この定期刊行物は、二つの異なる時期に刊行され、最初は1798年から1848年にかけて週刊誌として刊行され、一旦休刊してから復活して再び1866年から1882年まで刊行された[3]。当初の発行元は、ライプツィヒのブライトコプフ・ウント・ヘルテルで、第2期の最初の3年間も同じであったが、その後は J・ライター=ビーダーマン (J. Reiter-Biedermann) が発行していた[3]。第2期の一時には、『ライプツィガー・アルゲマイネ・ムジカリッシェ・ツァイトゥング』(Leipziger Allgemeine musikalische Zeitung) という名称を用いていた。
初期から1,000部ほどが発行されており、当時の音楽雑誌としては抜群の規模であった[4]。内容の中で大きな意味があったのは、ピアノ曲を中心とした新刊楽譜の案内であった[4]。
この雑誌には、重要な作品の素材が掲載されることも多く、ゲオルク・アウグスト・グリージンガーによるヨーゼフ・ハイドンの伝記の最初のバージョンが連載されたり、音楽学者グスタフ・ノッテボームによる記事や音楽評論家エドゥアルト・ハンスリックの批評が掲載されることもあった[3]。同誌は、著名な批評家であったE・T・A・ホフマンを編集者として雇い入れ、彼が書いたルートヴィヒ・ヴァン・ベートーヴェンの交響曲第5番についての大きな影響力をもったレヴューを掲載した。同誌には、ロベルト・シューマンやフランツ・リストも寄稿した。
また、同誌には、初代の編集長が手がけた、通称「ロホリッツの逸話」と呼ばれるヴォルフガング・アマデウス・モーツァルトに関する逸話の数々も掲載された。

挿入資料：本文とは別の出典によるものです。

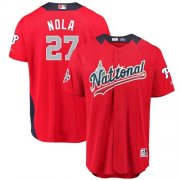 Wholesale Cheap Phillies #27 Aaron Nola Red 2018 All-Star National League Stitched MLB Jersey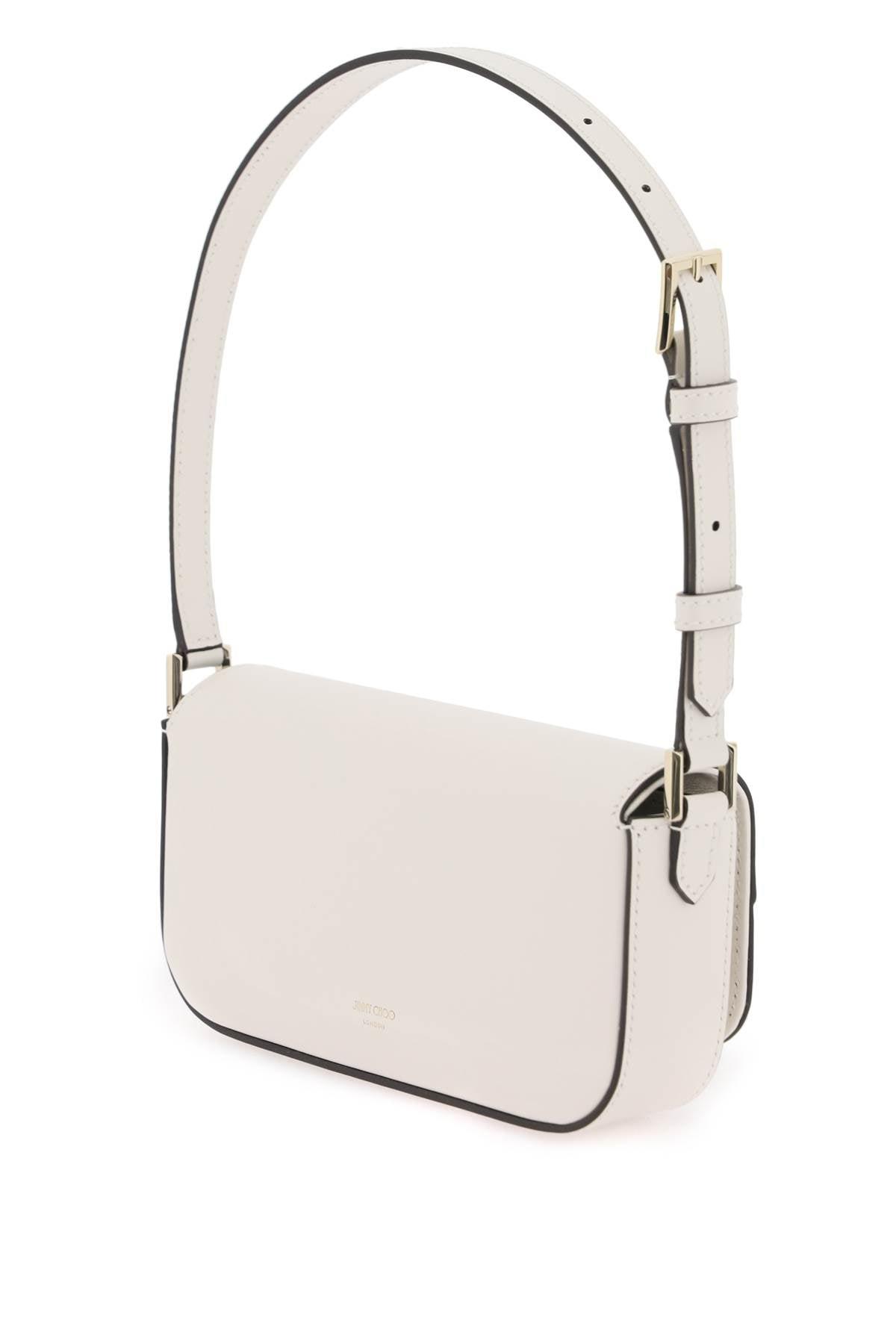 Jimmy Choo 'avenue' Mini Shoulder Bag in White | Lyst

今日では、そうした逸話のロホリッツの空想によって大いに潤色された産物であると広く考えられている。(en:Biographies of Mozart、en:Mozart's compositional method を参照のこと。)
『アルゲマイネ・ムジカリッシェ・ツァイトゥング』の最初の50年間の編集長は以下の通りである[2]。
『国際音楽記事総覧及び記事索引』(Répertoire international de la presse musicale, RIPM) は、二つの時期の両方について刊行されている。
なお、この『アルゲマイネ・ムジカリッシェ・ツァイトゥング』は、ベルリンで出版されていた『ベルリナー・アルゲマイネ・ムジカリッシェ・ツァイトゥング (Berliner allgemeine musikalische Zeitung)』や、ウィーンで出版されていた『ヴィエナー・アルゲマイネ・ムジカリッシェ・ツァイトゥング (Wiener allgemeine musikalische Zeitung)』とは別の出版物である。